→ Problem details
Write out the records that appear below, verbatim and complete, but without pictures.

::: Records to use :::

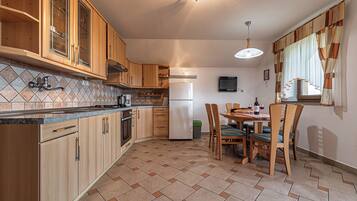 Family House, 1 Bedroom, Mountainside (Vineyard Cottage Ucman) | Private kitchen | Fridge, oven, stovetop, cookware/dishes/utensils
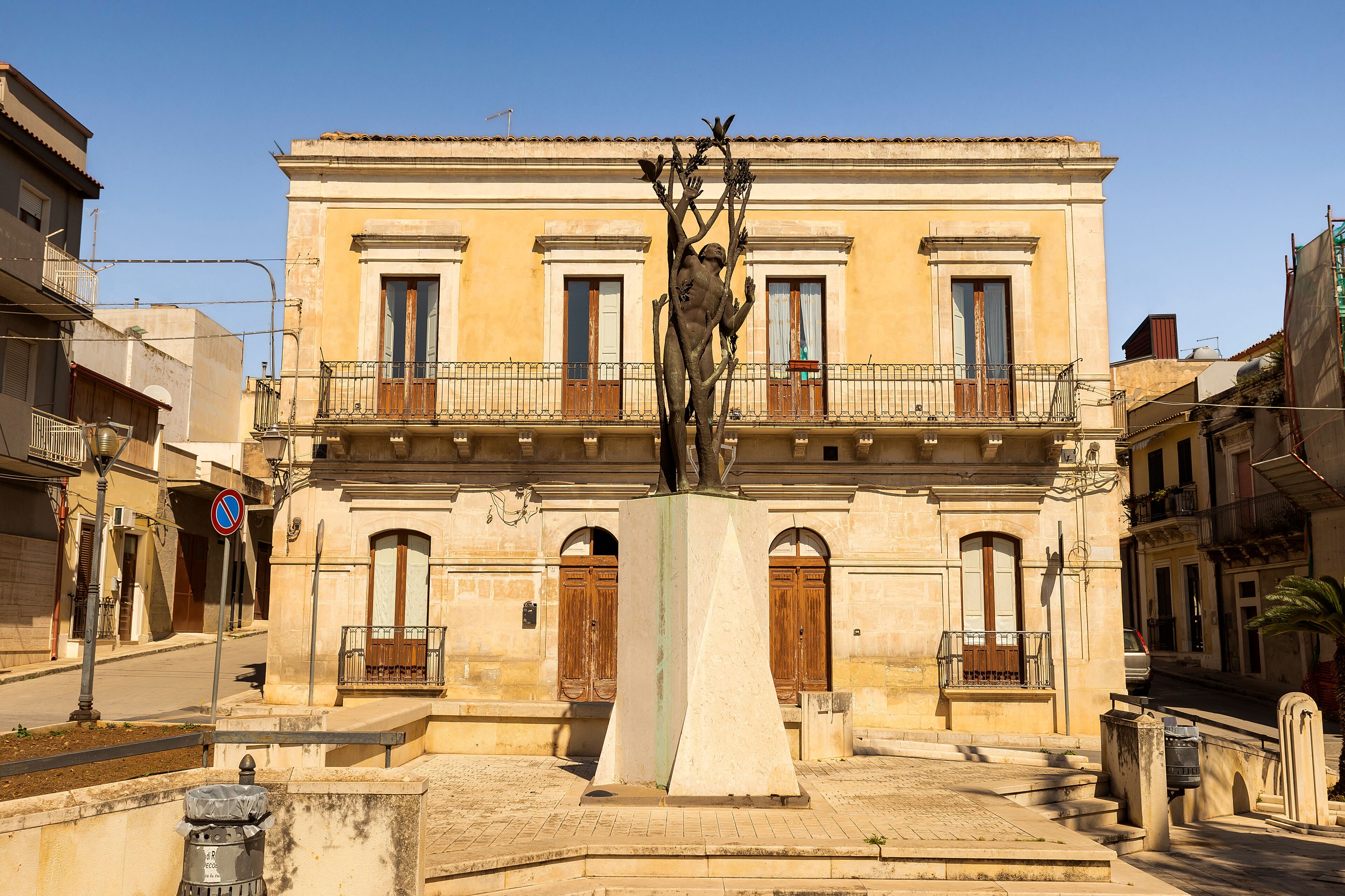 A statue in front of a yellow building with balconies and arched windows.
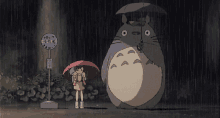 a little girl holding an umbrella stands next to a totoro holding an umbrella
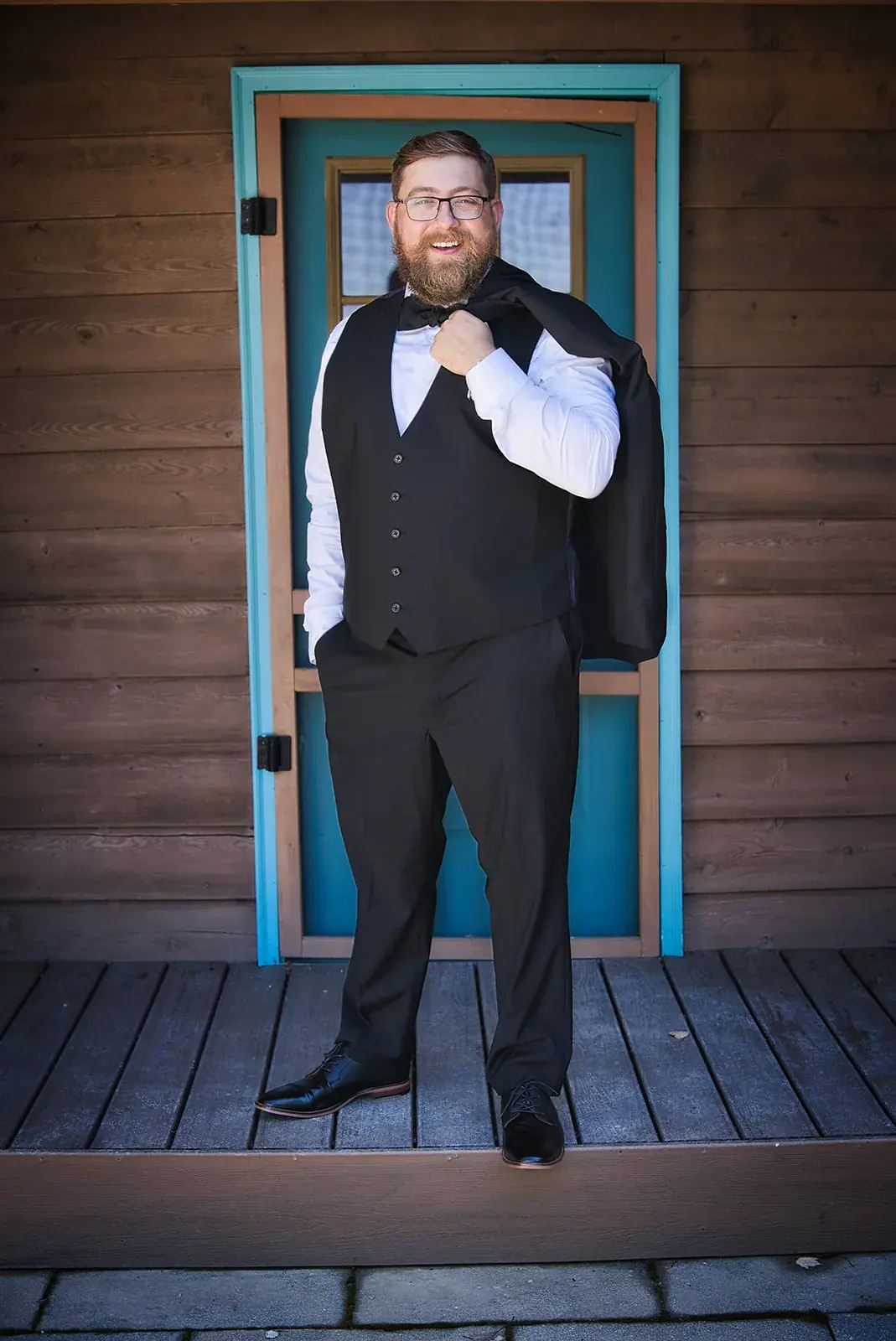 Groom portrait teal door — Megan & AJ's wedding at The Manor at Fire Tower Hill, Lewiston
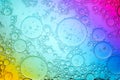 Transparent bubbles on rainbow background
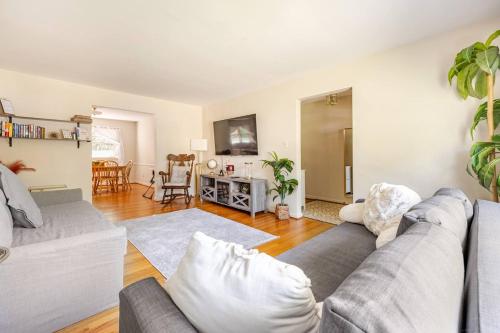 a living room with a couch and a table at 3BR Home - Free Parking-WiFi Kitchen Laundry-Kids Friendly-Near DC & Downtown & Metro-Patio & Deck in Falls Church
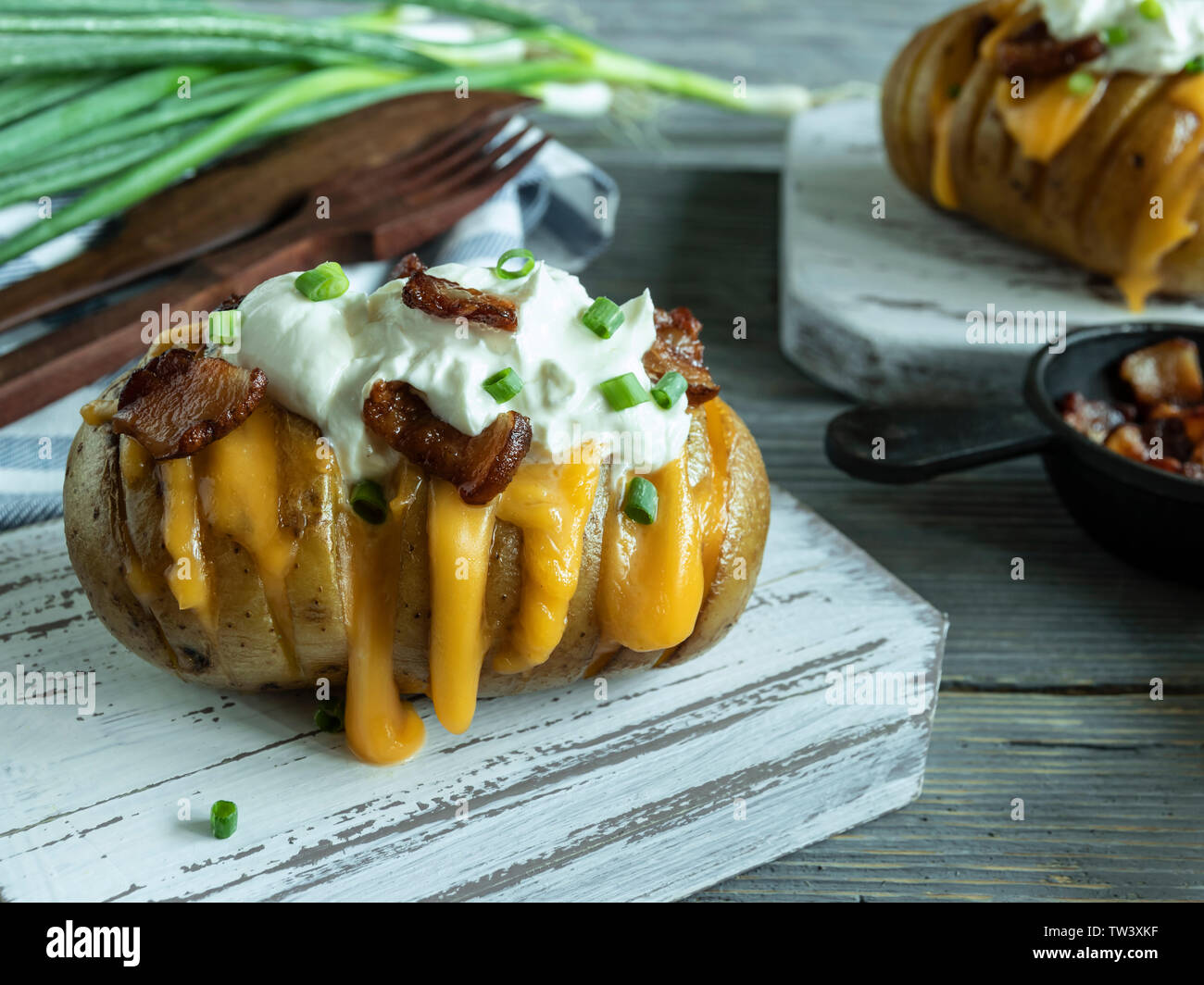 baked potato stuffed with cheese, bacon and sour cream. loaded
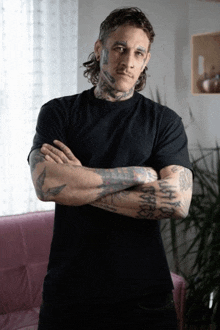 a man with a lot of tattoos on his face and arms stands with his arms crossed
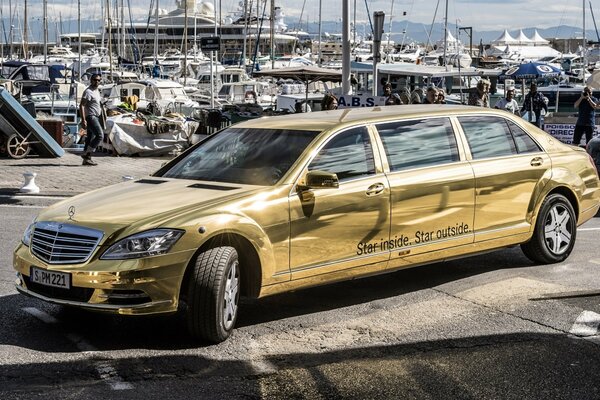 Złoty metalowy samochód Mercedes Benz na komisie samochodowym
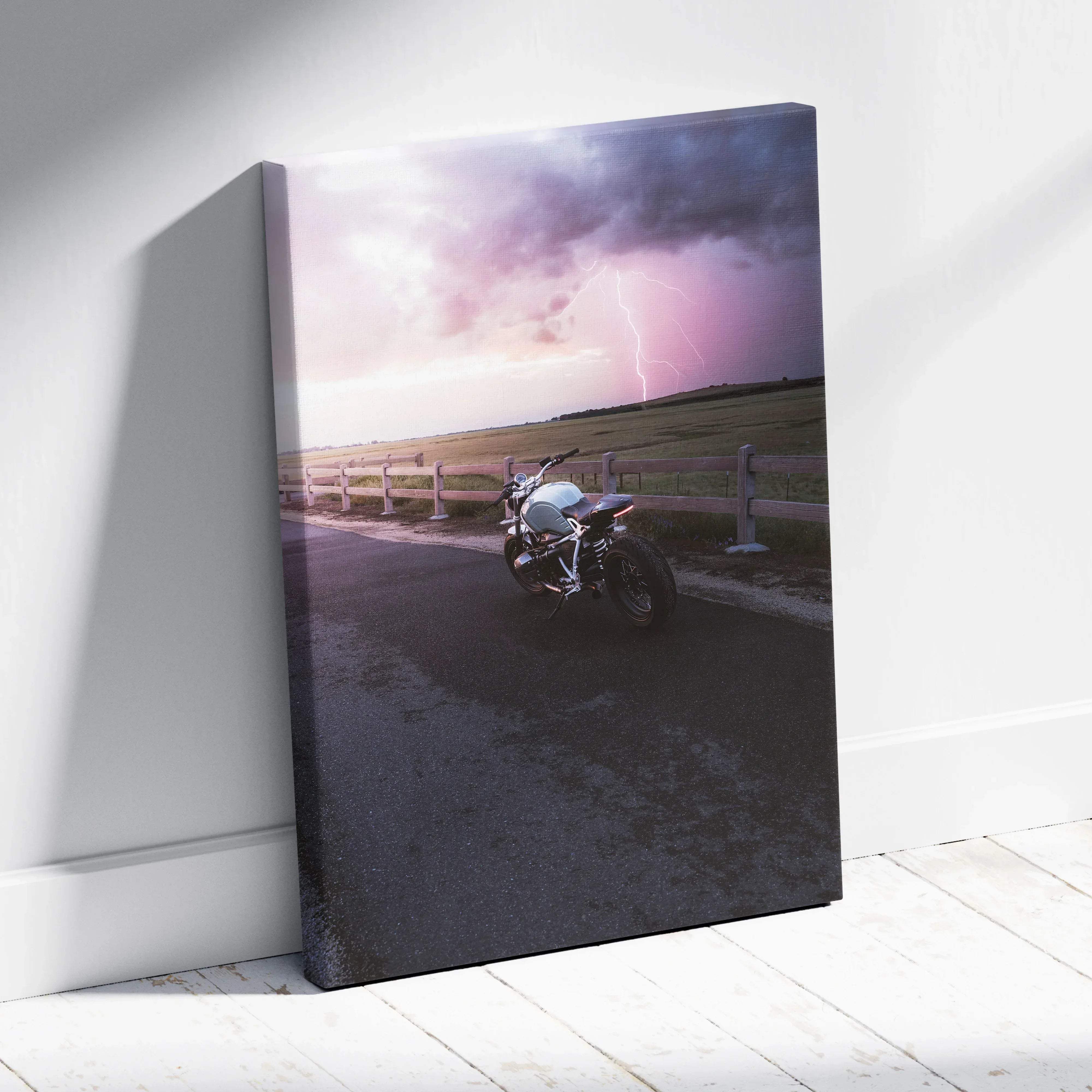 Canvas wall art featuring a silver bmw inspired r nine t motorcycle under a stormy purple and gray sky with lightning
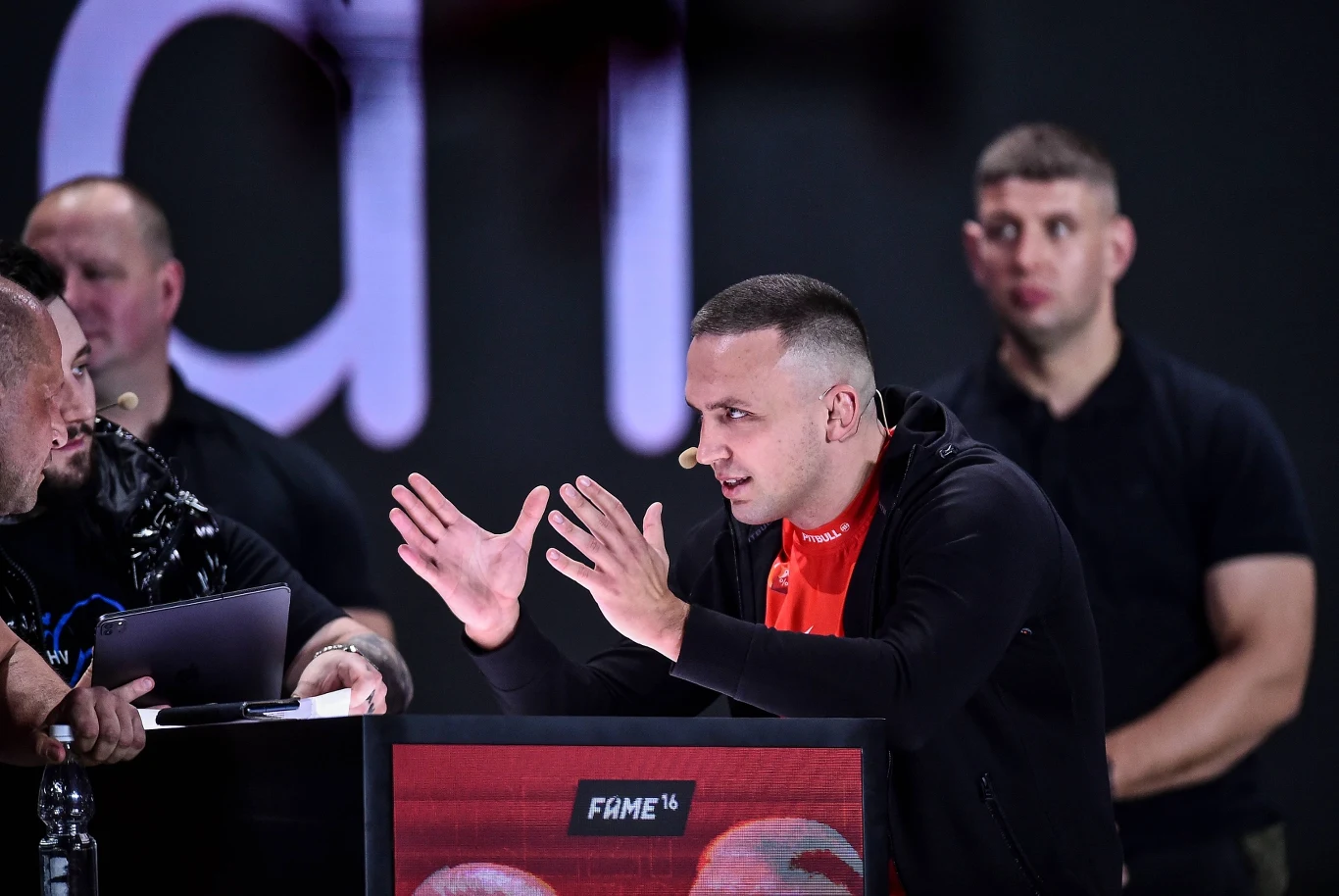 Robert Pasut Mężczyzna w czarnej bluzie intensywnie gestykuluje, stojąc za pulpitem z napisem 'FAME 16', obok dwóch innych mężczyzn, z których jeden trzyma notes, a drugi stoi z rękami skrzyżowanymi na tle ciemnego, nieostrego napisu.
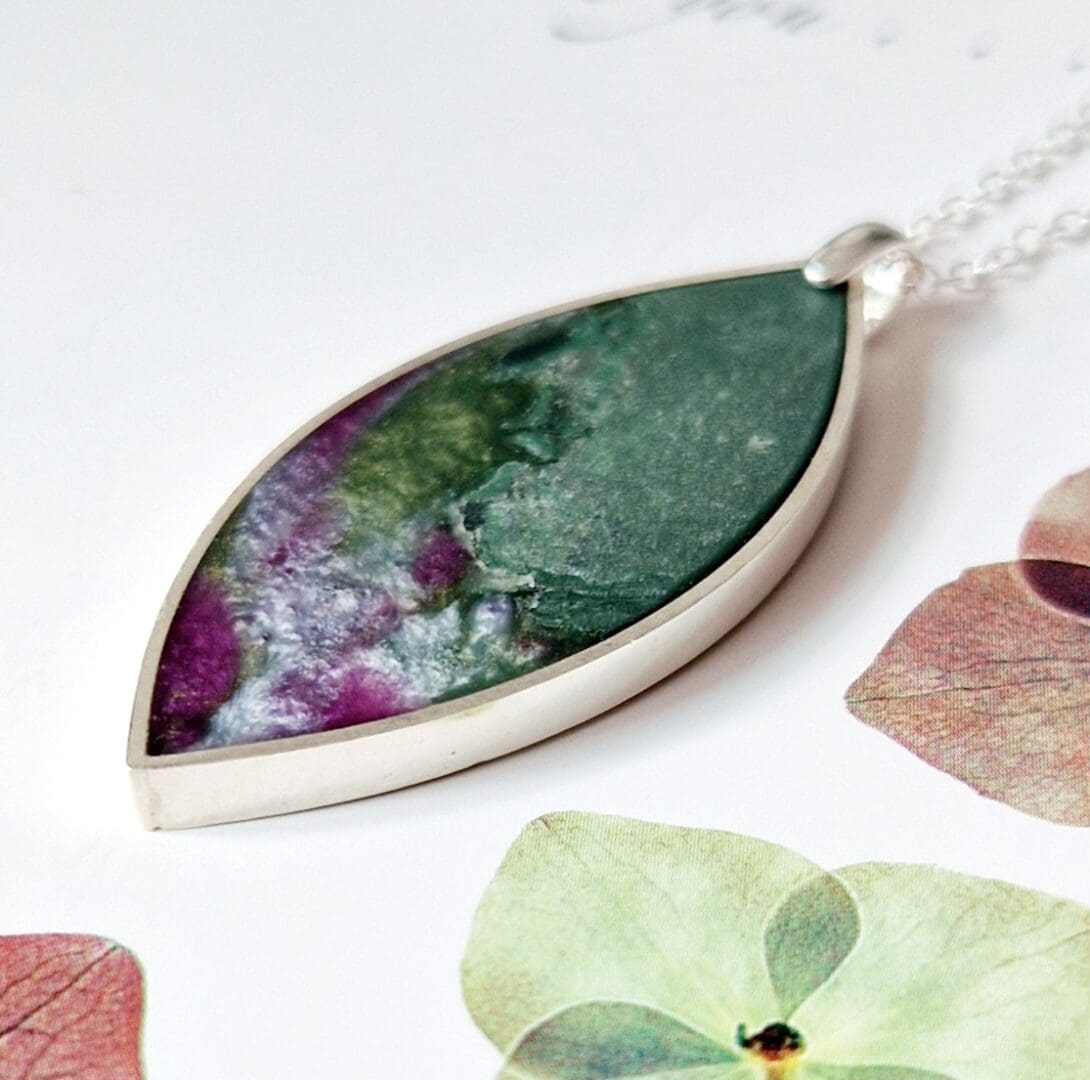 Sterling silver pendant with a leaf shape frame filled with sage green clay and rose pink tones of pearlescent resin on a sterling silver trace chain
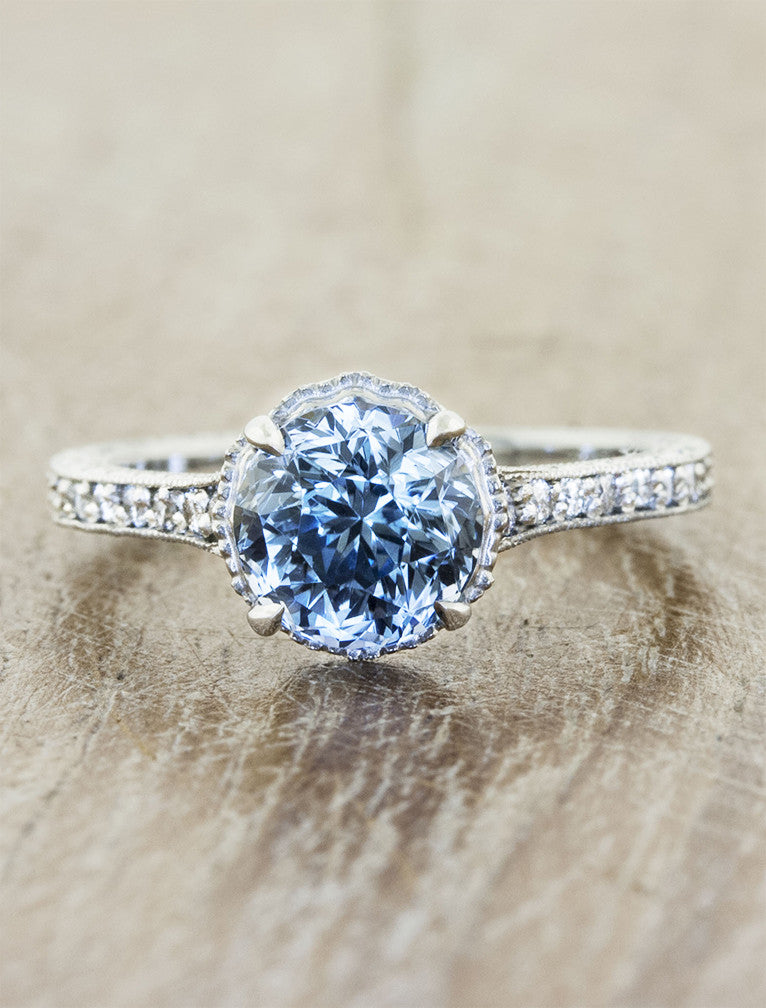Vintage inspired. caption:Customized with a 1.75ct. Round Sapphire, 14k White Gold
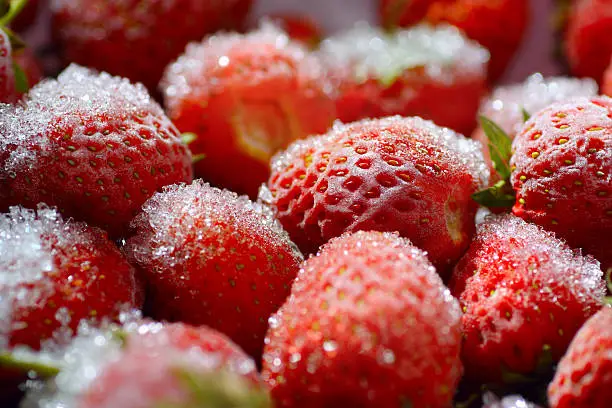 Photo of Large pile of frozen strawberries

:::

→ The completed task
 Family House, 1 Bedroom, Mountainside (Vineyard Cottage Ucman) | Private kitchen | Fridge, oven, stovetop, cookware/dishes/utensils
 A statue in front of a yellow building with balconies and arched windows.
 a little girl holding an umbrella stands next to a totoro holding an umbrella
 Groom portrait teal door — Megan & AJ's wedding at The Manor at Fire Tower Hill, Lewiston
 Transparent bubbles on rainbow background
 a living room with a couch and a table at 3BR Home - Free Parking-WiFi Kitchen Laundry-Kids Friendly-Near DC & Downtown & Metro-Patio & Deck in Falls Church
 baked potato stuffed with cheese, bacon and sour cream. loaded
 a man with a lot of tattoos on his face and arms stands with his arms crossed
 Złoty metalowy samochód Mercedes Benz na komisie samochodowym
 Canvas wall art featuring a silver bmw inspired r nine t motorcycle under a stormy purple and gray sky with lightning
 Robert Pasut Mężczyzna w czarnej bluzie intensywnie gestykuluje, stojąc za pulpitem z napisem 'FAME 16', obok dwóch innych mężczyzn, z których jeden trzyma notes, a drugi stoi z rękami skrzyżowanymi na tle ciemnego, nieostrego napisu.
 Sterling silver pendant with a leaf shape frame filled with sage green clay and rose pink tones of pearlescent resin on a sterling silver trace chain
Vintage inspired. caption:Customized with a 1.75ct. Round Sapphire, 14k White Gold
 Photo of Large pile of frozen strawberries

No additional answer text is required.